Adianta discutir segurança pública?


Não existe nenhuma forma de comunicação entre a comunidade e a força policial designada para protegê-la


JÁ VOU AVISANDO: hoje escrevo apenas e tão somente para desopilar o fígado.
Como tenho ciência de que nada do que possa ser dito ou esgoelado aqui vai reverter o estado de degradação gerado pela violência urbana, só me resta usar este espaço para lamentar a situação atual.
O Carnaval de São Paulo terminou em tragédia com a morte da jovem auxiliar Maria Cícera Santos Portela, supostamente baleada pelo PM José Álvaro Pereira da Silva enquanto assistia da sacada de um sobrado a passagem do bloco "Carnaval do Ovo", na favela São Remo, no Jaguaré, bairro da zona oeste da cidade.

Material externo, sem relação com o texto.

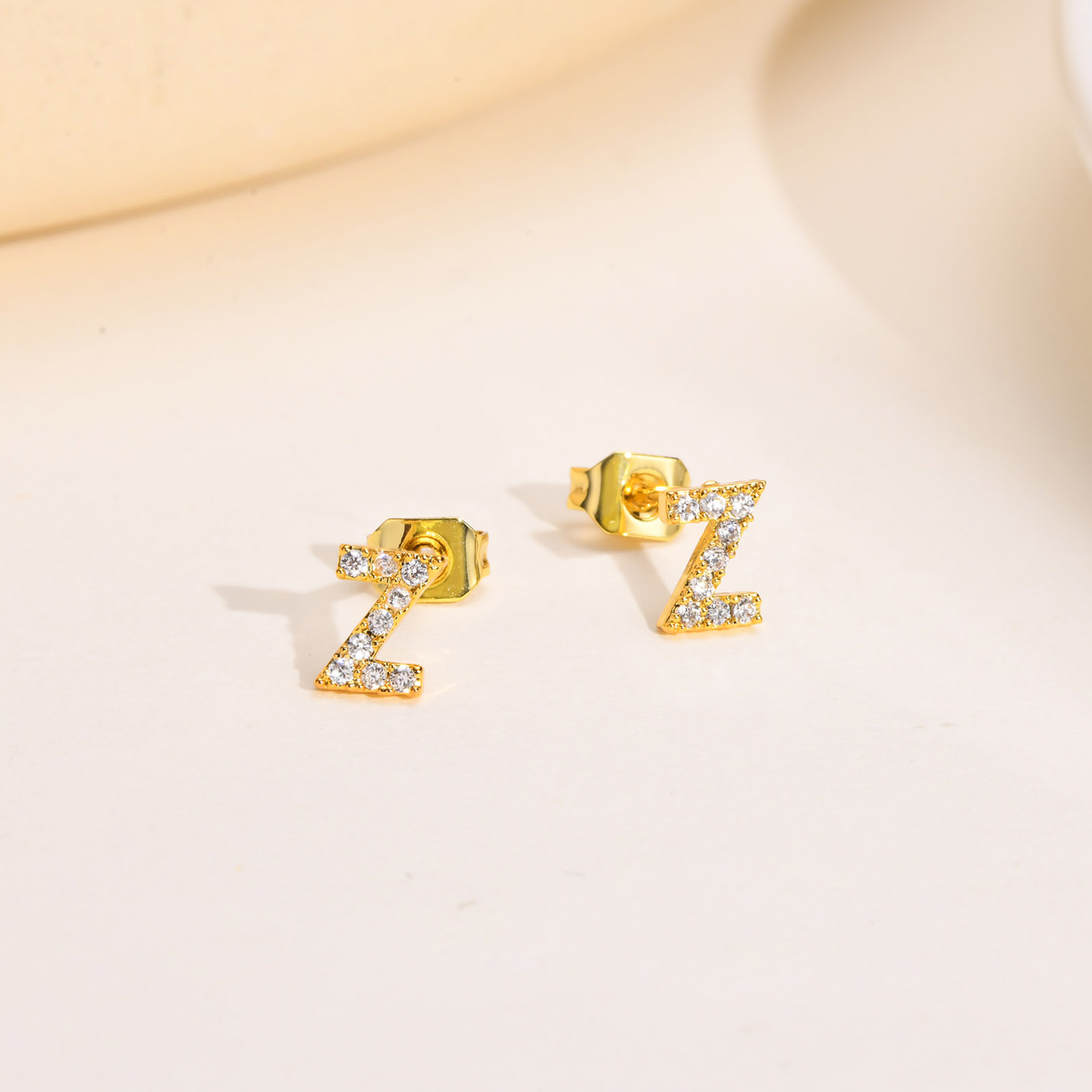 1 Pair Simple Style Letter Inlay Copper Zircon Gold Plated Ear Studs display picture 1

Veja como são as coisas. Guerras de ovos, como aquela que motivou os soldados da PM a entrarem atirando na favela São Remo, eram comuns entre as crianças do meu bairro, o Jardim Paulista, na minha infância. A "munição" nós roubávamos em casa mesmo, e tréguas só eram estabelecidas quando alguma mãe se dava conta de que o estoque de ovos da sua geladeira havia sido pilhado.
Lembro de que os ovos eram uma arma valiosa. Podiam servir para humilhar o "inimigo", mandando-o mais cedo para o banho, ou para resolver questões pendentes. Como, por exemplo, as diferenças entre um cão da vizinhança e eu.

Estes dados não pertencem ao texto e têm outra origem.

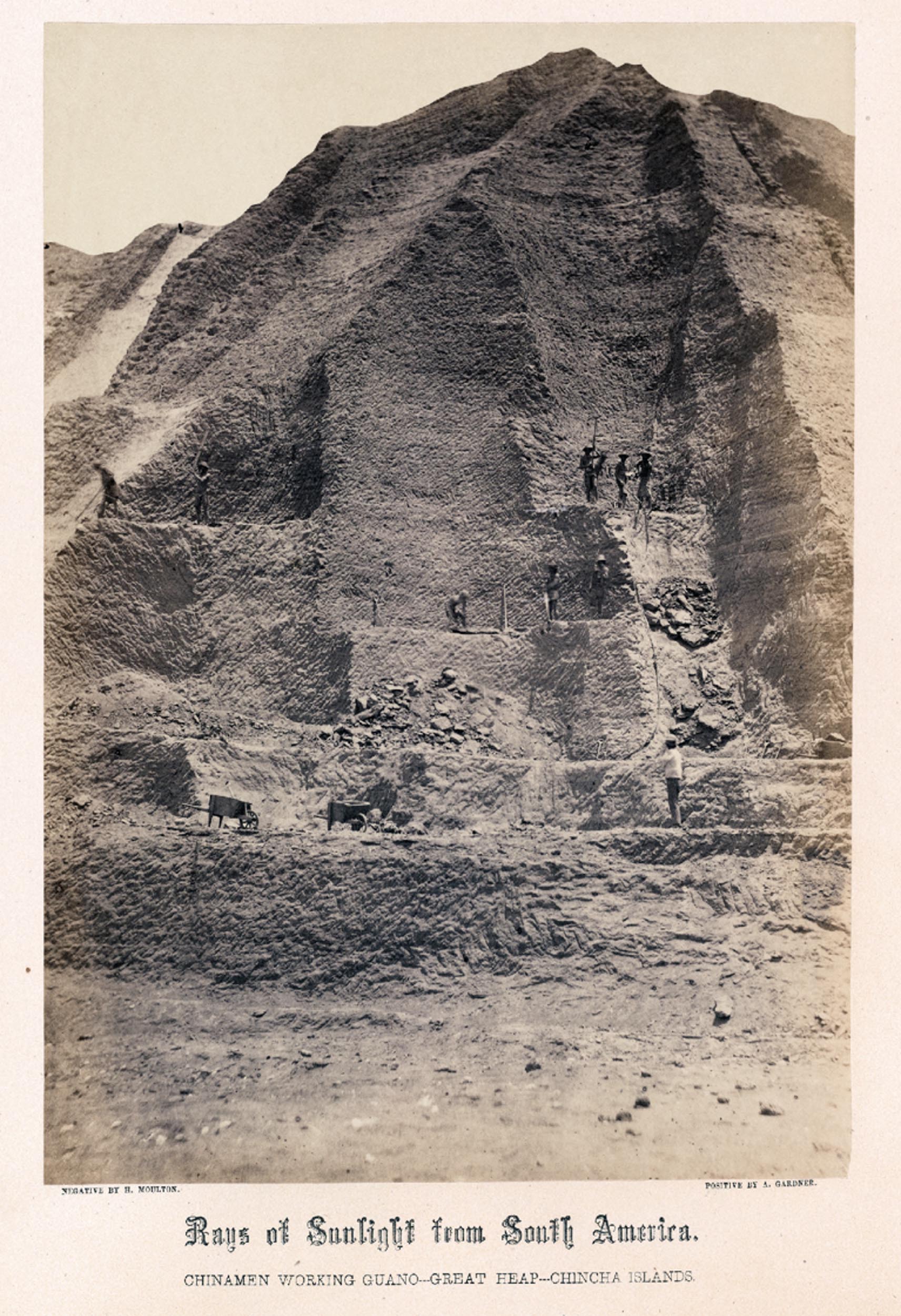 An image from the series, Guano mines in Peru: workers dig out and move material from the "Great Heap."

Explico: todos os dias eu enveredava de bicicleta pelo mesmo percurso. Saía de casa, descia a rua em que morava e virava à direita na avenida hoje conhecida por Juscelino Kubistchek, que a gente chamava de "avenida nova" ou "do córrego".
Assim que eu fazia a curva, um cachorro pastor alemão que morava numa casa da esquina me surpreendia com seus latidos e eu caía da bicicleta. Tarde após tarde, eu só ia lembrar da existência do maldito quadrúpede quando já estava com o traseiro grudado no chão.
Até o dia em que me enchi e, em vez de amaldiçoar minha própria distração, corri para casa e enchi os bolsos com todos os ovos que encontrei na geladeira. Lembro que, depois de descarregá-los sobre o animal, ele não desgrudou os olhos de mim enquanto se lambia inteiro sem entender a razão da minha ira.
Pois já imaginou, ó, nobre leitor, se esta humilde datilógrafa que vos fala fosse uma criança nos dias de hoje? Pelo meu prosaico acerto de contas com o pastor alemão, eu correria o risco de tomar um tiro na cabeça disparado por algum soldado sem o menor preparo emocional para carregar uma arma de fogo.
Segundo o coronel do 16º Batalhão da PM, Wanderley Medeiros, o que aconteceu na favela São Remo foi "imprudência total". Diz ele que a atitude do soldado José Álvaro Pereira da Silva "contraria todas as ordens da Polícia Militar" e que o PM jamais poderia ter entrado na favela "sem a presença de policiais graduados" ao seu lado.
O que isso significa? Que a PM monta operações de guerra para lidar com brincadeiras de criança?
Como é que a PM não sabia que o "Carnaval do Ovo" é uma tradição na favela São Remo? Será que não existe nenhuma forma de comunicação entre aquela comunidade e a força policial designada para protegê-la? Obviamente, a resposta é não. E, obviamente, uma polícia que intimida crianças e atira a esmo não está preparada para proteger.